WHAT IS EXPECTED:
Give back an exact copy of the lines in the records below, from the line that has "14K Tri-Color Gold" through the line that has "Evening Tea Monte", and nothing besides.

EXERCISE DATA:
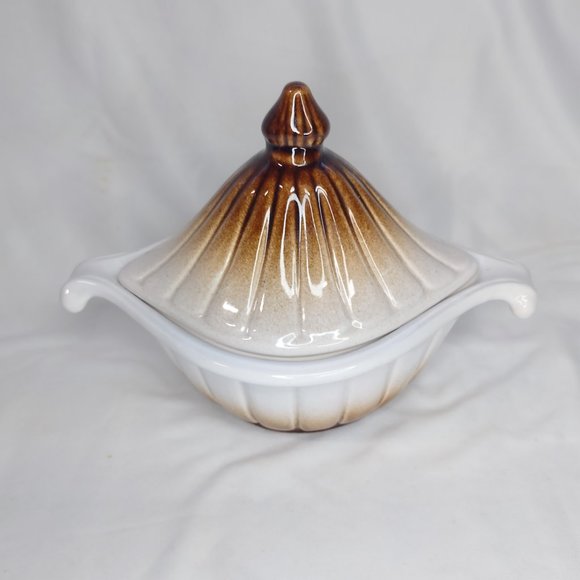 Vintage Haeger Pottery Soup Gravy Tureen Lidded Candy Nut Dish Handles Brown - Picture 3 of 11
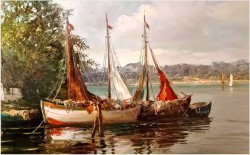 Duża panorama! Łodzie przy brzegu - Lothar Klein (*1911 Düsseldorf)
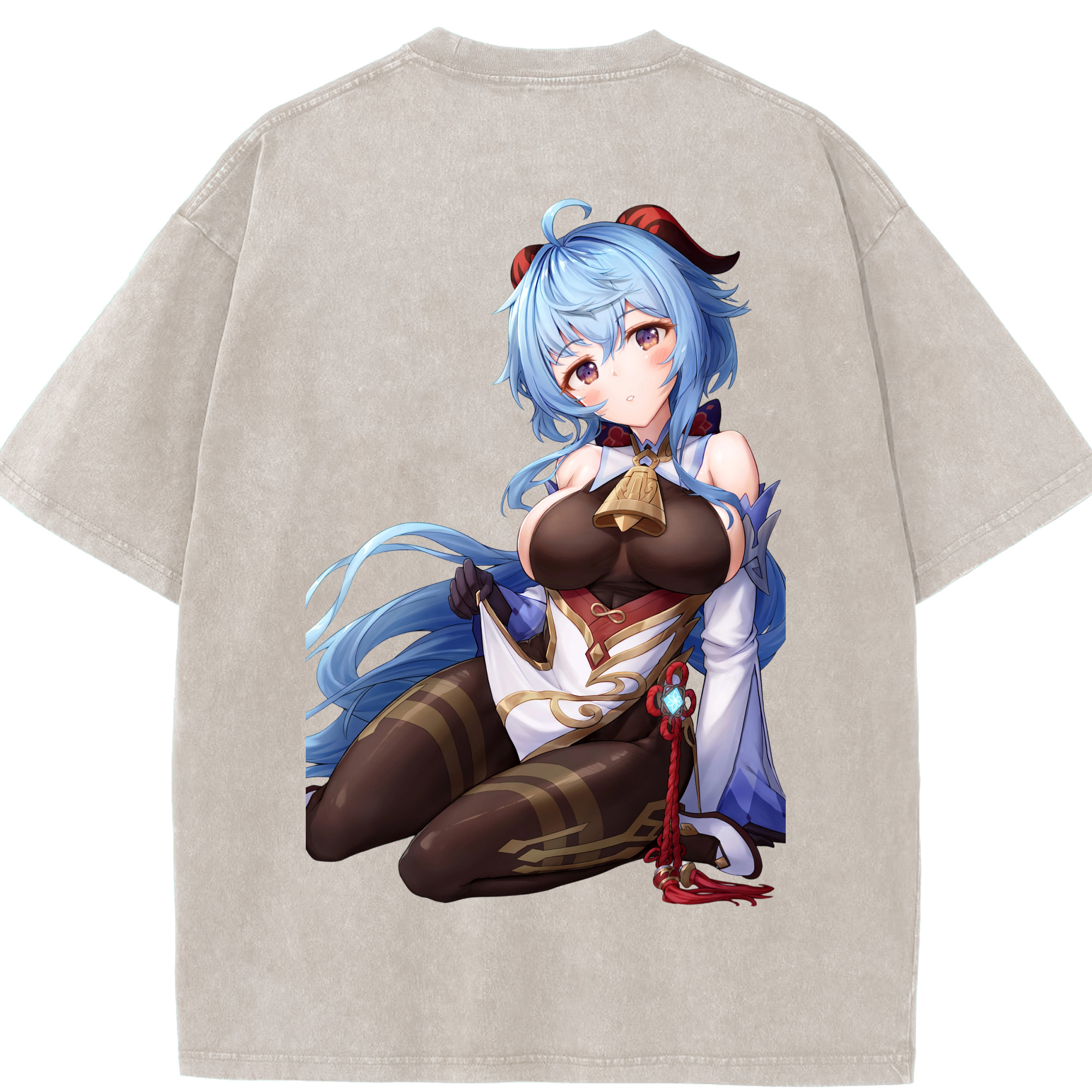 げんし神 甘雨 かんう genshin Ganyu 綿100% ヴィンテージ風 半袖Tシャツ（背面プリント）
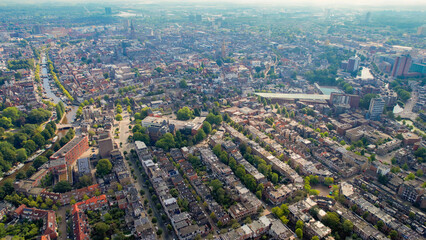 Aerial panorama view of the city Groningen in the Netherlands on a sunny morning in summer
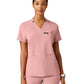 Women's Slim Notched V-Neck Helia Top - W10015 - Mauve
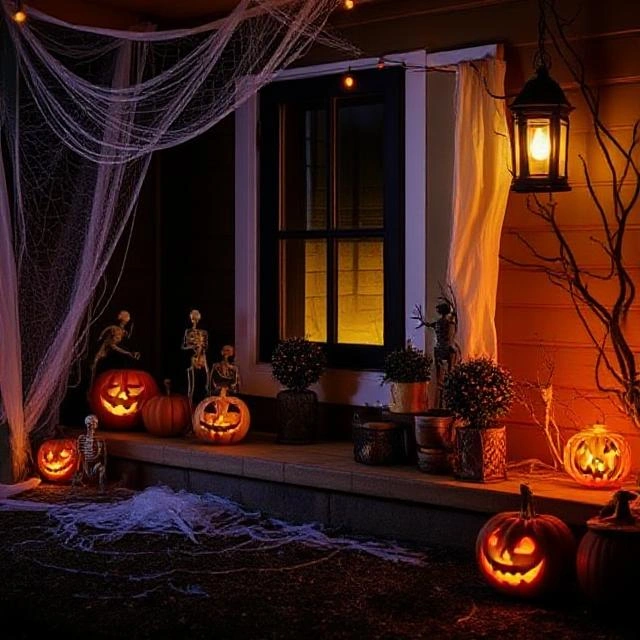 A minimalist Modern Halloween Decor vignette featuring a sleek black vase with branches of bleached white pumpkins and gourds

...

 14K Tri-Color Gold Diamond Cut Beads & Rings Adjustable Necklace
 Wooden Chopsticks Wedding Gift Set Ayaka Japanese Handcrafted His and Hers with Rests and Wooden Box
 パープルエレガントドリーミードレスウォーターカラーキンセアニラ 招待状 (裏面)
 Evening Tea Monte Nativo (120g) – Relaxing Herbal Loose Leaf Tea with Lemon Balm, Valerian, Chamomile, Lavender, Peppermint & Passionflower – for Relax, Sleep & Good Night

RESULT OF THE TASK:
 14K Tri-Color Gold Diamond Cut Beads & Rings Adjustable Necklace
 Wooden Chopsticks Wedding Gift Set Ayaka Japanese Handcrafted His and Hers with Rests and Wooden Box
 パープルエレガントドリーミードレスウォーターカラーキンセアニラ 招待状 (裏面)
 Evening Tea Monte Nativo (120g) – Relaxing Herbal Loose Leaf Tea with Lemon Balm, Valerian, Chamomile, Lavender, Peppermint & Passionflower – for Relax, Sleep & Good Night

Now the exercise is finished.